Description of the task
Identify and copy all lines of the material where the string "wood" is found.

Data
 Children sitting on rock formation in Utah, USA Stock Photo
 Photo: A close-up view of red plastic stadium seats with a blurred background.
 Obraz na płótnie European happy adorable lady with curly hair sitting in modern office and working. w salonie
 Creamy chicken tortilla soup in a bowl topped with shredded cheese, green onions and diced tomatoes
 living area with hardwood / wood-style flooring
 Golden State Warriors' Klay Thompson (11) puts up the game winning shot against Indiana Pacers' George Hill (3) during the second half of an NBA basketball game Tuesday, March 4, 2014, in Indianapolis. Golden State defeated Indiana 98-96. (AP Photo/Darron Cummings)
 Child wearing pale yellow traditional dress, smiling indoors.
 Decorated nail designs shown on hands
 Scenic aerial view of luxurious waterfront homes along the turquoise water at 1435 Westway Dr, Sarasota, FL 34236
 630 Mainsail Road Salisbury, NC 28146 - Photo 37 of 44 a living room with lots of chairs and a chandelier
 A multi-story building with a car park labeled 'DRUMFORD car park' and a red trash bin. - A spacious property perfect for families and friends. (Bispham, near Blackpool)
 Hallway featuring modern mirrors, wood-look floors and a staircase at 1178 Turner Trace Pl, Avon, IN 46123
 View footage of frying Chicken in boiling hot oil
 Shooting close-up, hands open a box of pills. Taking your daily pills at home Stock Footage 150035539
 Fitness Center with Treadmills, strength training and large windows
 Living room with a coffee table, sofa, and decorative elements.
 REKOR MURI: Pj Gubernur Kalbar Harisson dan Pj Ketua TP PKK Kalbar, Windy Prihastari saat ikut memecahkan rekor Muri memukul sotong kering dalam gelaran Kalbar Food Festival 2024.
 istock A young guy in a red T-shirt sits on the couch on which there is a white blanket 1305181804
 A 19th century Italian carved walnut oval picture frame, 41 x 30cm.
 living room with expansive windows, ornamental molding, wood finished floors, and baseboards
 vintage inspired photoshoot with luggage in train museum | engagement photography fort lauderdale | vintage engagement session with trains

Task solution
 living area with hardwood / wood-style flooring
 Hallway featuring modern mirrors, wood-look floors and a staircase at 1178 Turner Trace Pl, Avon, IN 46123
 living room with expansive windows, ornamental molding, wood finished floors, and baseboards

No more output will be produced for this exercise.